The Government has given an undertaking to initiate a debate in the House on the rights of children. Will the Taoiseach state if he intends to have that debate before the end of this session?

We will try to arrange that.

The Minister for Defence has said he will go to the High Court tomorrow to seek a stay on the claims currently before the court in relation to Army deafness because he is awaiting the report of an expert group.

That is not appropriate to the Order of Business.

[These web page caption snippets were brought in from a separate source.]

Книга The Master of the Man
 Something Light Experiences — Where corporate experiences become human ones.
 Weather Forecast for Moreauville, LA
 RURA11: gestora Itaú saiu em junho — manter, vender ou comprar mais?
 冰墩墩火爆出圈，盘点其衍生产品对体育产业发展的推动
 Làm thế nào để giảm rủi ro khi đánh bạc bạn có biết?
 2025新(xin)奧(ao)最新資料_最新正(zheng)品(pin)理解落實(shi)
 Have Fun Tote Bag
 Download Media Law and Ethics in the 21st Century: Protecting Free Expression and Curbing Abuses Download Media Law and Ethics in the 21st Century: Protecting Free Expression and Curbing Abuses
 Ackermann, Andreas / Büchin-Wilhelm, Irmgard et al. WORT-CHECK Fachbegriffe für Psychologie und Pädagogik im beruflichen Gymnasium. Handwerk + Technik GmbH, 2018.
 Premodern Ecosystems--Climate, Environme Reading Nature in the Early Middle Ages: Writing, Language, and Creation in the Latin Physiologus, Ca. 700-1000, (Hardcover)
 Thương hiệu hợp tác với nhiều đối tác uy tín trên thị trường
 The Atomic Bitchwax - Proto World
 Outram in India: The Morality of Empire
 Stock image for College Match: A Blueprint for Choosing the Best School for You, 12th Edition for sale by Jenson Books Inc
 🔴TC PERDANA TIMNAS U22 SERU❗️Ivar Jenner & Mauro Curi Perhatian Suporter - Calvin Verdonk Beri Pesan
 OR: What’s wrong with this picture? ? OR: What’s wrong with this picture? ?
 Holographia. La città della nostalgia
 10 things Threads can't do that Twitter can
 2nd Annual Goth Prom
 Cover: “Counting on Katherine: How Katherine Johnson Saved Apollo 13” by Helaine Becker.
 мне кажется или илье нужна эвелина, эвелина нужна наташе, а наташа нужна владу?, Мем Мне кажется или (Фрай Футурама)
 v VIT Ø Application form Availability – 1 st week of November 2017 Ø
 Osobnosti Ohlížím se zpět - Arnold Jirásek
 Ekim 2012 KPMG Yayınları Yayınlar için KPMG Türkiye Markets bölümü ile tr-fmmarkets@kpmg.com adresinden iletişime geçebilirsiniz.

I am coming to the matter of legislation. On 29 January the Minister said in reply to a question I asked him that he had no details of how that group was transacting its affairs and refused to give any information on that group. That is an unacceptable way to treat parliamentary questions. Does the Government intend to bring forward legislation on a State claims agency in this term so that some of those claims and claims taken generally against the State can be managed more effectively by the State?

That legislation is being prepared by the Department of Finance. It will not be dealt with in this session.

Will the Minister of State, Deputy Davern, use his obvious influence to bring forward the Greyhound Racing Bill?

It is his interest, not his influence.

It is not that obvious. When will the Standards in Public Office Bill be published?

I do not have a date for that, but it will be late this year.

I asked the Taoiseach yesterday when the report of the task force on the dumping of radioactive material in the Irish Sea will be published.

We cannot repeat questions day after day on the Order of Business.

The question was allowed yesterday and I did not receive an answer. Tá áthas orm Bille na Gaeilge a fheiceáil ar liosta na reachtaíocht atá geallta. An féidir leis an Taoiseach a rá caitheann a fhoilseófar é? An bhfuil dáta aige go fóill?

An bliain seo chugainn.

When will the Bail Act, 1997, be implemented? The people voted to change the bail laws 15 months ago and last May this House passed the Bill. The Taoiseach said the reason for the delay is lack of prison spaces.

In the prison space programme, of the 840 prison places which were promised and delivered by the former Minister, Deputy Owen, 400 have now been completed. Why has the Minister not prioritised the Attachment of Earnings Bill which would free up several hundred prison places? Places would be made readily available by introducing sensible measures whereby fines would be deducted at source and people would be unable to stand on their dignity and hold down valuable prison places.

I dealt with this matter last week and a question to the Minister was also put down. As soon as there are more adequate spaces, which are coming on stream from the prisons' programme at present under construction, the Minister intends to bring the sections into force.

Why does he not get started?

The Eighteenth Amendment of the Constitution Bill is on the Order Paper, dealing with the proposal to allow 20,000 citizens to nominate a candidate for the Presidency. On 1 October, it passed Second Stage unanimously. The order made in the House was that in accordance with Standing Order 104, it would be referred to a special or select committee. It is time the Bill was concluded. This day next week I will seek the appropriate order to be made, which would be to have it referred to the Select Committee on the Environment and Local Government so it can go through Committee Stage.

That matter will be looked at.

I thought we would refer it to the constitutional review committee.

That is not a committee of the House.

It cannot be referred to the all-party committee on the Constitution because it is not a select committee and cannot deal with Committee Stage of the Bill. I am advised that is not the correct procedural approach.

I understood we agreed we could send it to the all-party committee on the Constitution. I am prepared to move it on, as I promised before Christmas.

Deputy Jim Higgins asked me about the Attachment of Earnings Bill — it is at a preliminary stage.